**Dataset records:**
______

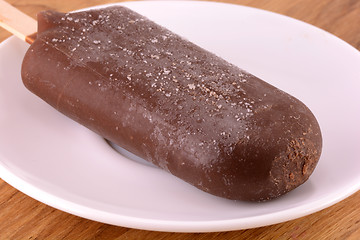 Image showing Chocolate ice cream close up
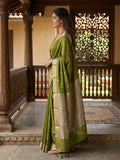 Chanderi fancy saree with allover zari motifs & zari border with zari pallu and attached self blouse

______

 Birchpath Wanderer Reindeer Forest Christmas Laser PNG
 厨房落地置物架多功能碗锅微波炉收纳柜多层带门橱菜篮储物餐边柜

______

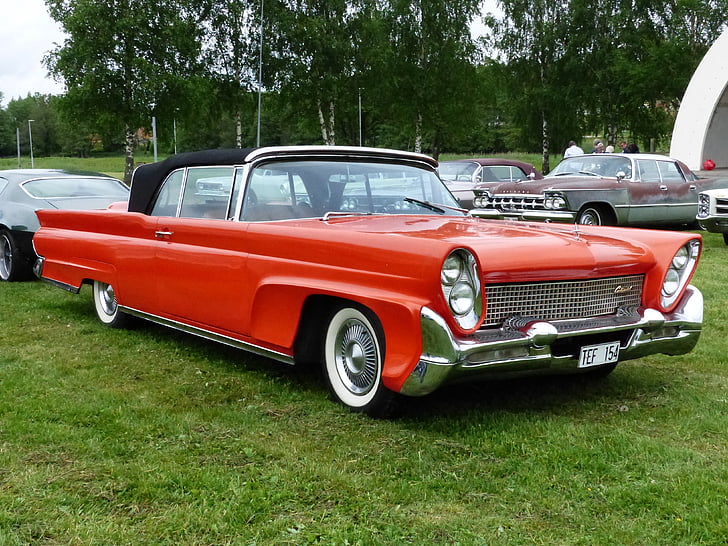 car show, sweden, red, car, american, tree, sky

______

**Instructions for the task:**
Only the lines starting at the one with "Image showing Chocolate ice cream close up" and ending at the one with "Chanderi fancy saree" should be printed, each exactly as it appears in the material above; the pictures are to be omitted.

**Result of the exercise:**
 Image showing Chocolate ice cream close up
 Chanderi fancy saree with allover zari motifs & zari border with zari pallu and attached self blouse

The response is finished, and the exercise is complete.